AIM OF THE EXERCISE: Repeat verbatim, and only, the lines of the data below, beginning at the line that contains "suite at scandic star sollentuna" and stopping after the line that contains "FERNANDO MUSLERA".

DATA EXTRACT:
--- --- ---
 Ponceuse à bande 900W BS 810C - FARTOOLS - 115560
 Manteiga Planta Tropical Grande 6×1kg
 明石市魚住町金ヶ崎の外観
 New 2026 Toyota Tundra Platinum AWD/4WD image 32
--- --- ---
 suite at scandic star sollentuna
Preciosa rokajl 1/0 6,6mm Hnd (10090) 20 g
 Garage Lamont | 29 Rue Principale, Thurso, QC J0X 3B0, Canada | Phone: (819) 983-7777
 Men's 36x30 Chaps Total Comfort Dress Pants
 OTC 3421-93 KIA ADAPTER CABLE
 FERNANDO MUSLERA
--- --- ---
ANSWER BELOW:
 suite at scandic star sollentuna
Preciosa rokajl 1/0 6,6mm Hnd (10090) 20 g
 Garage Lamont | 29 Rue Principale, Thurso, QC J0X 3B0, Canada | Phone: (819) 983-7777
 Men's 36x30 Chaps Total Comfort Dress Pants
 OTC 3421-93 KIA ADAPTER CABLE
 FERNANDO MUSLERA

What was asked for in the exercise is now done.